The issue here is the one Caplan spoke about, namely that she feels unsafe in her shop and walking down Heretaunga St.

The free parking is a nice gesture but, as Caplan added: “I would rather see the money going towards keeping the people in town safe”.

I always remember travelling up from Wellington a few years back, with my club cricket team. We’d come to play Cornwall in a pre-season game and were staying at a motel in Hastings.

After the match, we asked the Cornwall lads where we might go in Hastings for a drink.

Their reply was that you don’t go out after dark in Hastings.

Well, I had to do some shopping on Heretaunga St West a couple of Sunday afternoons ago and I didn’t feel safe in the daytime either.

I’m a bloke of nearly 50, of pretty big stature and not especially cowardly. But if I felt uneasy there in broad daylight, then I can’t imagine how some of the women who were shopping alone felt.

You can have all the Blossom festivals you like and you can do up old buildings and tenant them with groovy businesses but you can’t change the people who are cruising around.

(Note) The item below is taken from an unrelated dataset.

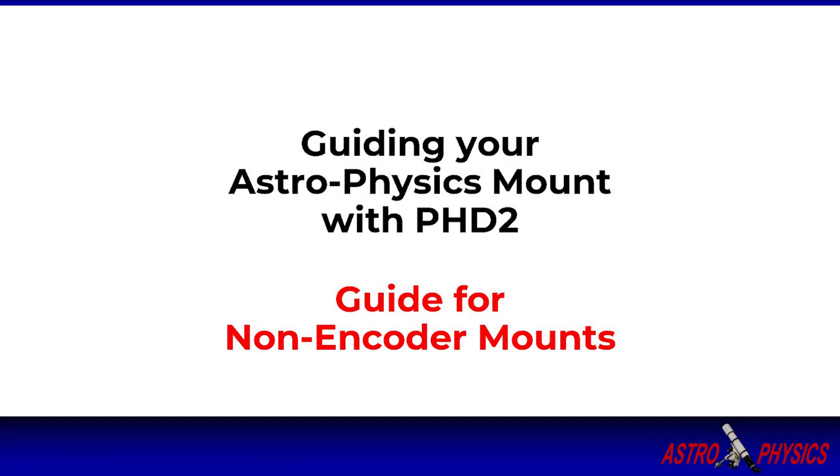This tutorial will show you how to set up and use PHD guiding software with your Astrophysics mount, including optimizing PHD settings for your specific imaging system and seeing conditions.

I don’t like to say that. Heck, I don’t even like to think it. But I know it.

I know people are sometimes frightened to go about their business in Hastings and no amount of free parking will alter that fact.

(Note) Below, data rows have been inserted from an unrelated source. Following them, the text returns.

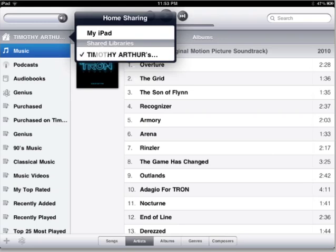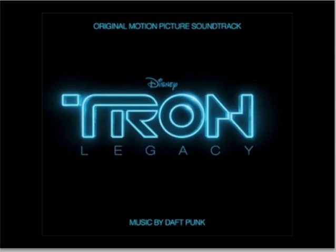I've picked the shared library here, as you'll see, and it's listing some of my songs. I sorted it by artist and picked Daft Punk — here's the Tron Legacy soundtrack. You can also pick songs, albums, genres, and composers — the different categories that are typical for the iPad application. When I pick it, it goes ahead and plays the song streaming from my MacBook, and I can hear it on the iPad itself.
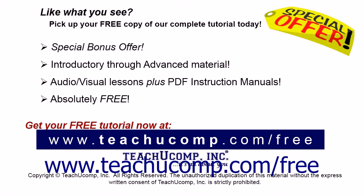Like what you see? Pick up your free copy of the complete tutorial at www.teachyoucomp.com forward slash free.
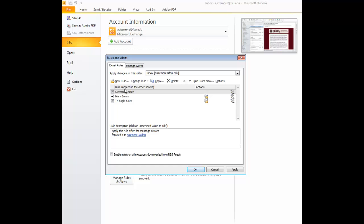You can see under our rules panel, we have listed by my name the new rule of forwarding all emails. This has been Aiden Sizemore with how to forward emails within Microsoft Outlook 2010 client.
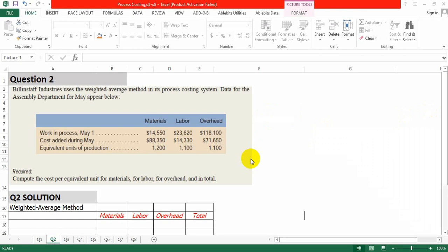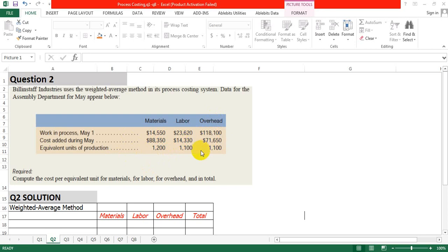Question number 2: Process Costing. Billion Staff Industries uses the weighted average method in its process costing system. Data for the assembly department for May: Work in process May 1st — Material $14,550, Labor $23,620, Overhead $18,100. Cost added during May: $88,350 for material, Labor $14,330, Overhead $71,650. Equivalent units of production given in this question: 1200 for material, 1100 for labor and 1100 for overhead.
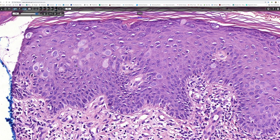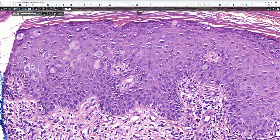Nucleoli are not really evident. When we look at this, we have to think of what differentials come to mind, and I think there are four entities. One is extramammary Paget's disease. Secondly, Pagetoid Bowen's disease. Thirdly, superficial spreading or Pagetoid melanoma. And fourthly, if this biopsy had come from the perianal region, one might have thought of Pagetoid dyskeratosis.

I shouldn’t be too flippant here. I do actually applaud the attempts to rejuvenate and revitalise the CBD.

I also love food and beverages as much as the next man, if not more.

But as potentiall­y enticing as some of the soon-to-open establishm­ents sound, I’m not sure they’ll be enough to entice me to the CBD.

I don’t know Caplan. I haven’t been to her store and I’m not aware if she’s someone with a barrow to push.

But I applaud her for giving voice to something that I know people think, but are generally unwilling to say.

I don’t know what the solution is. I don’t know how we change people’s perception­s and instil in them the confidence to walk the city freely.

As much as anything, I also fear business owners will lose their shirts trying to make the Hastings CBD a hub for arts, culture and hospitalit­y.

The intention is laudable, it’s just that the location’s probably not.